## Task description
Give back an exact copy of the lines below, from the first through the line with "Snapshot of marie_diaze"; please stop there.

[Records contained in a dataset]
/---

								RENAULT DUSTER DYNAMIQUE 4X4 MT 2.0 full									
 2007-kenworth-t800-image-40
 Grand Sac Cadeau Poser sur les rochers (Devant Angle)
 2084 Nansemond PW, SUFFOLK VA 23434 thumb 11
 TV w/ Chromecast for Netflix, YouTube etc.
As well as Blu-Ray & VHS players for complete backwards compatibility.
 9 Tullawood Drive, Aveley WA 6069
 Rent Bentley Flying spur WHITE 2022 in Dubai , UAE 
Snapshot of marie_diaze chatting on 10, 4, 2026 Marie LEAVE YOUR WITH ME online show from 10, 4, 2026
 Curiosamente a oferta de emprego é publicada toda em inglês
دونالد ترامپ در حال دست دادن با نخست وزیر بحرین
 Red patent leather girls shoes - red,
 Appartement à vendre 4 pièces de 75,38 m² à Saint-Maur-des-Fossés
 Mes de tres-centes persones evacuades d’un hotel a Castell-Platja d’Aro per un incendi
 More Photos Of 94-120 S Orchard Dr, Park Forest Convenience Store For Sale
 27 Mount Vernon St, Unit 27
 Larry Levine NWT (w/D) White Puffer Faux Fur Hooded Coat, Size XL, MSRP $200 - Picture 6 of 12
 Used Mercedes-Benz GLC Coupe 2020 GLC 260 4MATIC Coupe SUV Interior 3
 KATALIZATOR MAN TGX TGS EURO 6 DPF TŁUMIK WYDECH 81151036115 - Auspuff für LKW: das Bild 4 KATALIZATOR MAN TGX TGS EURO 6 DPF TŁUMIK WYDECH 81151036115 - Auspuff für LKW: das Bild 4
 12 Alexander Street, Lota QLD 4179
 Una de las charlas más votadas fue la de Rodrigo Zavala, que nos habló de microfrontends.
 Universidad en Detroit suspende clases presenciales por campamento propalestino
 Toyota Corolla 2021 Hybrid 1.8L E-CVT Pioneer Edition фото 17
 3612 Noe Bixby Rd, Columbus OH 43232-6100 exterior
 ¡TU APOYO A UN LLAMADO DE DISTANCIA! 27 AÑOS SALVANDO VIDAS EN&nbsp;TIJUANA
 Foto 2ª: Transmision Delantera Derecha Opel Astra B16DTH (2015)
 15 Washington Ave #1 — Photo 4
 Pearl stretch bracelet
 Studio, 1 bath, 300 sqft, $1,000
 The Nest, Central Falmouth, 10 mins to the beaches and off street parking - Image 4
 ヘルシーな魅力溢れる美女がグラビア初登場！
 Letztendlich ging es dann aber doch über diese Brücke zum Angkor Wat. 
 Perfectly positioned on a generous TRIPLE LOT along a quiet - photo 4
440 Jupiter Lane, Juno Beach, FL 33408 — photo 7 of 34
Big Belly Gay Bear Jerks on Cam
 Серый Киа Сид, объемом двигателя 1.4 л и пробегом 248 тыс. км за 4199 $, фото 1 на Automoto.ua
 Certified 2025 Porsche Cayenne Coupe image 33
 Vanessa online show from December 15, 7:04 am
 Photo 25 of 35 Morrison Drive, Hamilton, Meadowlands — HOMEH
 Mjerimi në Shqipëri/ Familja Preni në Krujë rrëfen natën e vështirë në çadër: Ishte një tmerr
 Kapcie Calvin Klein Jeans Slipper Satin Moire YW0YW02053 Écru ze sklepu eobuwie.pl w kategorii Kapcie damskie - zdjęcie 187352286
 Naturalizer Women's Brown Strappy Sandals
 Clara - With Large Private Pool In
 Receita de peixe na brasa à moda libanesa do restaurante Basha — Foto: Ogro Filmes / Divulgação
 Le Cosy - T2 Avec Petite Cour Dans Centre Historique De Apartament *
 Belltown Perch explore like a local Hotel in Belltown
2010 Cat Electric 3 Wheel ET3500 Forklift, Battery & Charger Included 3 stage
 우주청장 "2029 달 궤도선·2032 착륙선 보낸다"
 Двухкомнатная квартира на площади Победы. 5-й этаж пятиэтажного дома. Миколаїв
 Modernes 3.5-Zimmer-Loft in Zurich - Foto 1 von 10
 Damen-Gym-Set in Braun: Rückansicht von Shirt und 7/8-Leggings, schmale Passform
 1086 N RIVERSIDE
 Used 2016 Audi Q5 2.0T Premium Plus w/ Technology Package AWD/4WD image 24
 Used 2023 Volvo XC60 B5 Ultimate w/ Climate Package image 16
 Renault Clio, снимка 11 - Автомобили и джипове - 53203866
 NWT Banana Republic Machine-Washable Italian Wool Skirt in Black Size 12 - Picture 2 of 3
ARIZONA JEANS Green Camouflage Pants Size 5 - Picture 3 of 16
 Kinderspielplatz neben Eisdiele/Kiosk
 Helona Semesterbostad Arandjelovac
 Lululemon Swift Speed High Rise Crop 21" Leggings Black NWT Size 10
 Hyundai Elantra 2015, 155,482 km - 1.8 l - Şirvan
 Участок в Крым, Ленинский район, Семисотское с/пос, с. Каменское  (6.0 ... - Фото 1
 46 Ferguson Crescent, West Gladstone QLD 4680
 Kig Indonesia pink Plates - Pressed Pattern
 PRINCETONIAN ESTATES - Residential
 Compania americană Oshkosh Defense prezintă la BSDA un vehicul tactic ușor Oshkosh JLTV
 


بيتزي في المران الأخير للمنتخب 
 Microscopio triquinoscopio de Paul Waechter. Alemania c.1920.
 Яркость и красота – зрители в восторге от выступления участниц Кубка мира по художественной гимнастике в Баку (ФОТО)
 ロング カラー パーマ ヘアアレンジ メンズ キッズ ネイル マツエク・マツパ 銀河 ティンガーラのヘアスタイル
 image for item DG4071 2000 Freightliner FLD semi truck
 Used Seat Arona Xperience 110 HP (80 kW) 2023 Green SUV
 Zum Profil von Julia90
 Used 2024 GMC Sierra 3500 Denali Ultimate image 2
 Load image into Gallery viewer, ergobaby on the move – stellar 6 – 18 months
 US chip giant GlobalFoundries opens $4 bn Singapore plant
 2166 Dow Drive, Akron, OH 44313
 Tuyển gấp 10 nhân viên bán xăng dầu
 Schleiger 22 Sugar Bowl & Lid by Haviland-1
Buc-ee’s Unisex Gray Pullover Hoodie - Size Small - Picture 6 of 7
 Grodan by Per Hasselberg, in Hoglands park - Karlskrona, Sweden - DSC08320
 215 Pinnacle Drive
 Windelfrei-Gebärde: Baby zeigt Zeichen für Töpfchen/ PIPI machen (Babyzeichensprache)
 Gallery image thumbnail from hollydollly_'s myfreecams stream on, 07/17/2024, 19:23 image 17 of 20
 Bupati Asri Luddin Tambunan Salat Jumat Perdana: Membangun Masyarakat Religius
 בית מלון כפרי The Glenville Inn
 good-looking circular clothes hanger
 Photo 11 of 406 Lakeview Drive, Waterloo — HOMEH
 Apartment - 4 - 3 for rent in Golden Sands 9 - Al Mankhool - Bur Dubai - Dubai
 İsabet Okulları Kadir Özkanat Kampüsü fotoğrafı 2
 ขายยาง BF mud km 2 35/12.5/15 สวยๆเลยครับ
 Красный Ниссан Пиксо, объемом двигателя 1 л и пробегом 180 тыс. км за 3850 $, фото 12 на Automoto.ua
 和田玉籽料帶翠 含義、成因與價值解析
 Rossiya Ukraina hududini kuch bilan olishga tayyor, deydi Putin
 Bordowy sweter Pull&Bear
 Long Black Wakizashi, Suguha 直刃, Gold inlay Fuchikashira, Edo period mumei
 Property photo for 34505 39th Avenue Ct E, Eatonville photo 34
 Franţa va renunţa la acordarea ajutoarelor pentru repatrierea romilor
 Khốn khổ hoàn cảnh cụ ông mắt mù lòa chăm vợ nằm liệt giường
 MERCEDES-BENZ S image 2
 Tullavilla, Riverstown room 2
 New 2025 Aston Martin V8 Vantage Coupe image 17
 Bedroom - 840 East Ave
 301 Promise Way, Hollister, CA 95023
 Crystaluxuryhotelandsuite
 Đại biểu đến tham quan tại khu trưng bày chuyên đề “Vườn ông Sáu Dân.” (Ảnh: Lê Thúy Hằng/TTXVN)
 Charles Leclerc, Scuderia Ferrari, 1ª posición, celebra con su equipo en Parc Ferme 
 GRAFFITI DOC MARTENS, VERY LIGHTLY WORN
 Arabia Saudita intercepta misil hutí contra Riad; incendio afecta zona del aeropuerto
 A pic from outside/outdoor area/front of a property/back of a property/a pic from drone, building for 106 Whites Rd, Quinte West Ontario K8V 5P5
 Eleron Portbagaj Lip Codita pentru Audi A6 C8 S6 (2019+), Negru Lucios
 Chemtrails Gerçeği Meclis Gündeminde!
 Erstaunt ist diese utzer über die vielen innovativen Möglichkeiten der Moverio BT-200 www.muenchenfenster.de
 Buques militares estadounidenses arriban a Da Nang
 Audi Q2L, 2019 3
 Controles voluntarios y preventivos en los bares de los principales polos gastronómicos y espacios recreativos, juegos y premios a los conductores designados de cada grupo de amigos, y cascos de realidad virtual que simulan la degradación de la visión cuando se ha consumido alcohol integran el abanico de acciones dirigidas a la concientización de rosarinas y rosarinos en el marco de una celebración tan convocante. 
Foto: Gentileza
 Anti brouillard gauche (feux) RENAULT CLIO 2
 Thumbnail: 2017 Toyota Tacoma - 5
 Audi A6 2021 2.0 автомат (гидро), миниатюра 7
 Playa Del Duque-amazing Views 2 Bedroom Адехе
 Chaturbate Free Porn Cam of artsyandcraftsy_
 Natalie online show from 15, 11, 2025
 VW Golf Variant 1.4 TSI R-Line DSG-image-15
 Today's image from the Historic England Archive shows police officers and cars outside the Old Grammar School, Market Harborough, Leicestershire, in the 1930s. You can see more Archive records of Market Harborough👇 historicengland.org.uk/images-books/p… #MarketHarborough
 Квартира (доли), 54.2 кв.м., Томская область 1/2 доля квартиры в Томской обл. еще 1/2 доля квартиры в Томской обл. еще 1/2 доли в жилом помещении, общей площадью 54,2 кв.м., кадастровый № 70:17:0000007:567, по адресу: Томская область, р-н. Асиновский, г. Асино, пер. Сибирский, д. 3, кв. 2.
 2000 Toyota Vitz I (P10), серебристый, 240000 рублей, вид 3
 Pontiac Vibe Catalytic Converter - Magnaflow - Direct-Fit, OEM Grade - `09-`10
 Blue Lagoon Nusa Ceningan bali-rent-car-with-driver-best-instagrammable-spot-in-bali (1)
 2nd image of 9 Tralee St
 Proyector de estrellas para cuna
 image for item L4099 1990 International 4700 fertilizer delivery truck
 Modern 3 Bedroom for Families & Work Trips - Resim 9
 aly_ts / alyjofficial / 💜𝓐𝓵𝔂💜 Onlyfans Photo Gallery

\---

## Result
								RENAULT DUSTER DYNAMIQUE 4X4 MT 2.0 full									
 2007-kenworth-t800-image-40
 Grand Sac Cadeau Poser sur les rochers (Devant Angle)
 2084 Nansemond PW, SUFFOLK VA 23434 thumb 11
 TV w/ Chromecast for Netflix, YouTube etc.
As well as Blu-Ray & VHS players for complete backwards compatibility.
 9 Tullawood Drive, Aveley WA 6069
 Rent Bentley Flying spur WHITE 2022 in Dubai , UAE 
Snapshot of marie_diaze chatting on 10, 4, 2026 Marie LEAVE YOUR WITH ME online show from 10, 4, 2026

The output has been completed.